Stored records
•••
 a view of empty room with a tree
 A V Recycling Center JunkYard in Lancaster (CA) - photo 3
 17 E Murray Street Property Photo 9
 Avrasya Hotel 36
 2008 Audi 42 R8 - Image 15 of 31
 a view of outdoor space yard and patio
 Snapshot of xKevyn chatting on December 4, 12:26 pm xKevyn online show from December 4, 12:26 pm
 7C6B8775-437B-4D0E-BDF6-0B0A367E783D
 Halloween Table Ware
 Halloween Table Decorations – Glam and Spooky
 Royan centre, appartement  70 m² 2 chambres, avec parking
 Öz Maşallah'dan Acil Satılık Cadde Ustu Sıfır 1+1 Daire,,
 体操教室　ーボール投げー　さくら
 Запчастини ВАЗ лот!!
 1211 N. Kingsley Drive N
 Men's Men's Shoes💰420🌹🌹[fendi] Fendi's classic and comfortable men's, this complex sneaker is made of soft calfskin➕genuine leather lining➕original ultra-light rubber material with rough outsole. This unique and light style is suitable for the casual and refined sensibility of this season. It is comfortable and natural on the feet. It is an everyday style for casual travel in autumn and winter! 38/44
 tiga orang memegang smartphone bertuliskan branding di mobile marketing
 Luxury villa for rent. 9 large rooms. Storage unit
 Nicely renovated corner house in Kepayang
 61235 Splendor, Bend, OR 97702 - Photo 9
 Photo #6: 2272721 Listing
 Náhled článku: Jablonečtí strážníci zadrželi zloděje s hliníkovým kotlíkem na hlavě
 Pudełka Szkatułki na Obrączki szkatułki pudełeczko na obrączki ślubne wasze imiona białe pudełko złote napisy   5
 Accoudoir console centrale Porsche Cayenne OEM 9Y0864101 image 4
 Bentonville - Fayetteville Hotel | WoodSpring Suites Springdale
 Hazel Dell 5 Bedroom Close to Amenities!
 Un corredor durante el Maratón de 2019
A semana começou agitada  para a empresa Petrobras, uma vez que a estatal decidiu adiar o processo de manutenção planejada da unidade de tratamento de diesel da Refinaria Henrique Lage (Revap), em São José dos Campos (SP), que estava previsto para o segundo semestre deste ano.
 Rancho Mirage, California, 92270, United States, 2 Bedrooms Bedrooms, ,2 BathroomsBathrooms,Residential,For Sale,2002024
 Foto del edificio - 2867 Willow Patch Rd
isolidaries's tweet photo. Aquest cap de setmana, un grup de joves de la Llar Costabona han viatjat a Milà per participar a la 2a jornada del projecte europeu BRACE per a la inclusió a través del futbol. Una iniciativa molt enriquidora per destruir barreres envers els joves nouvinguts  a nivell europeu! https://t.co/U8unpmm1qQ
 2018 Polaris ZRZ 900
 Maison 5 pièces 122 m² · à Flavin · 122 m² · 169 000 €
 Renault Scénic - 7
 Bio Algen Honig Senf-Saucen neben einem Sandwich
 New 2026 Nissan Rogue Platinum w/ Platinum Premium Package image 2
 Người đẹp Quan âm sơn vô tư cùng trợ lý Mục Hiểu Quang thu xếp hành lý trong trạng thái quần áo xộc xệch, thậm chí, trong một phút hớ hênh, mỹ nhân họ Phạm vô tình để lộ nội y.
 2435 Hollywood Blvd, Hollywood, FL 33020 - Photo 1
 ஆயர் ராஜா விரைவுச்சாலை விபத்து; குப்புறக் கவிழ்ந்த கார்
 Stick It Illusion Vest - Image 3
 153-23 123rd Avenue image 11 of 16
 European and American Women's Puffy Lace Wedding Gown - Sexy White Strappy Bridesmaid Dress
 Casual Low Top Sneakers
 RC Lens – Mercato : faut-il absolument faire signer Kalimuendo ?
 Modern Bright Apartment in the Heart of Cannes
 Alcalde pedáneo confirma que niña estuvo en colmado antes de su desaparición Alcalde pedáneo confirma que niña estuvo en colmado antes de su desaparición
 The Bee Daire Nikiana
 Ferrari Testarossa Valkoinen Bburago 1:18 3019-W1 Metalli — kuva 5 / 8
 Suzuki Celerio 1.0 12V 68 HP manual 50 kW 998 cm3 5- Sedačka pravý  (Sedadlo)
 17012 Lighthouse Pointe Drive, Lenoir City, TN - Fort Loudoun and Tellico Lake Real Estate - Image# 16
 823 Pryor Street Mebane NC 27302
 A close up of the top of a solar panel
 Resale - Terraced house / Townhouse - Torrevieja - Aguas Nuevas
•••
**The problem**
Print the line containing "Suzuki Celerio 1.0" and every line after it to the end of the records above, exactly as written, and nothing else.

**Answer area**
 Suzuki Celerio 1.0 12V 68 HP manual 50 kW 998 cm3 5- Sedačka pravý  (Sedadlo)
 17012 Lighthouse Pointe Drive, Lenoir City, TN - Fort Loudoun and Tellico Lake Real Estate - Image# 16
 823 Pryor Street Mebane NC 27302
 A close up of the top of a solar panel
 Resale - Terraced house / Townhouse - Torrevieja - Aguas Nuevas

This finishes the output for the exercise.